Changes in Internal Control Over Financial Reporting
There were no changes in our internal control over financial reporting that occurred during the three months ended March 31, 2026 that materially affected, or are reasonably likely to materially affect, our internal control over financial reporting.
PART II. OTHER INFORMATION
ITEM 1. LEGAL PROCEEDINGS
There have been no additional material developments with respect to the information previously reported under “Part I, Item 3. Legal Proceedings” of our 2025 Annual Report.
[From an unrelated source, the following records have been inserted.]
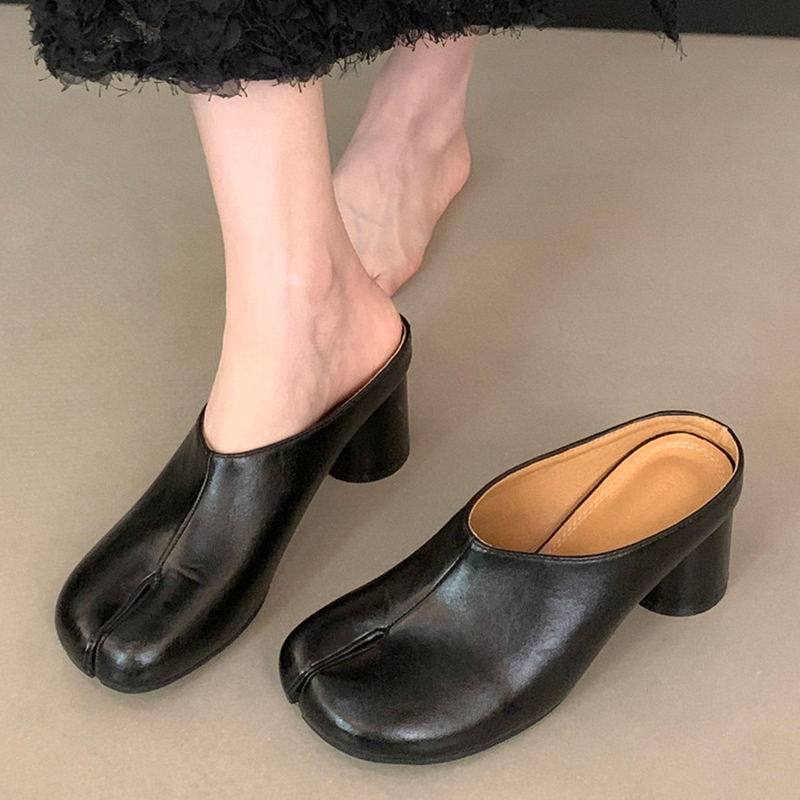 Sheepskin Version! French-Style Chunky Heel Split-Toe Mules for Women, 2026 New Model, Black High-Heeled Mule Sandals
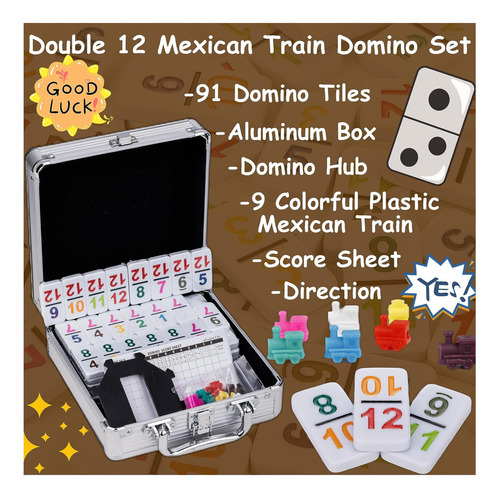 Smilejoy Double 12 Colorido Number Dot Dominoes, Juego De De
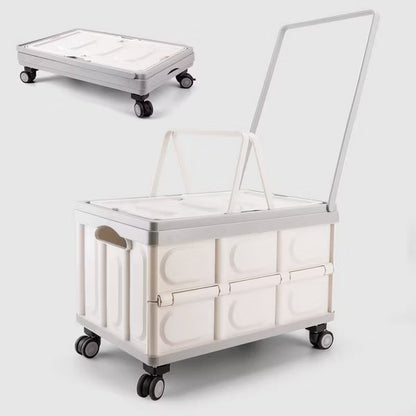 VUSIGN 55L 11.6''x20.8'' Foldable Storage Crates with Swivel Wheels Light Beige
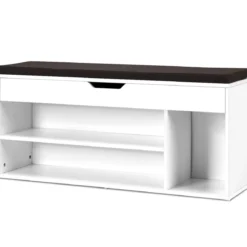 Schuhbank Schuhkommode Schuhablage mit Sitzkissen Holz 104 x 48 x 30 cm Weiß/Natur/Grau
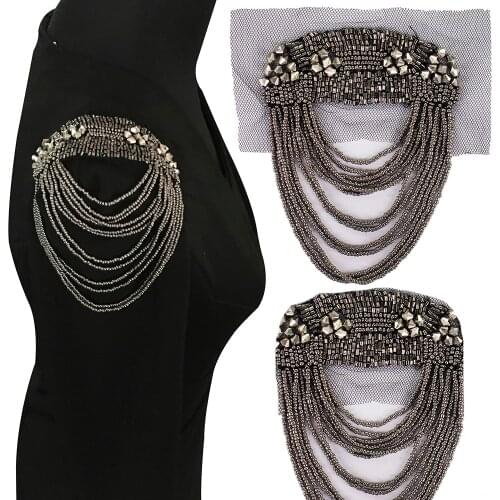 2pcs High quality handmade fashion tassel chain shoulder badge beads fabric epaulettes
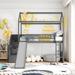 Twin Loft Bed with Two Drawers and Slide, House Bed with Slide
See Note 9 to the Interim Financial Statements for information about other material legal proceedings to which we are subject.
ITEM 1A. RISK FACTORS
For information related to the Company’s risk factors, see “Part I, Item 1A. Risk Factors” in our 2025 Annual Report.
ITEM 2. UNREGISTERED SALES OF EQUITY SECURITIES AND USE OF PROCEEDS
Issuer Purchases of Equity Securities
In October 2023, we announced the Board of Directors approved the SRP, initially authorizing the Company to repurchase up to $300 million of TEC’s outstanding common stock. In May 2024, the Board of Directors approved an increase in the then-remaining SRP capacity to $1 billion through the end of 2025. In September 2024, the Board of Directors again approved an increase in the then-remaining SRP capacity to $1.25 billion through December 31, 2026. In September 2025, the Board of Directors approved an increase in the then-remaining SRP capacity to $2 billion through December 31, 2028. See “Item 5. Market for Registrant’s Common Equity, Related Stockholder Matters and Issuer Purchases of Equity Securities” in our 2025 Annual Report for additional information related to the SRP and shares repurchased under the SRP.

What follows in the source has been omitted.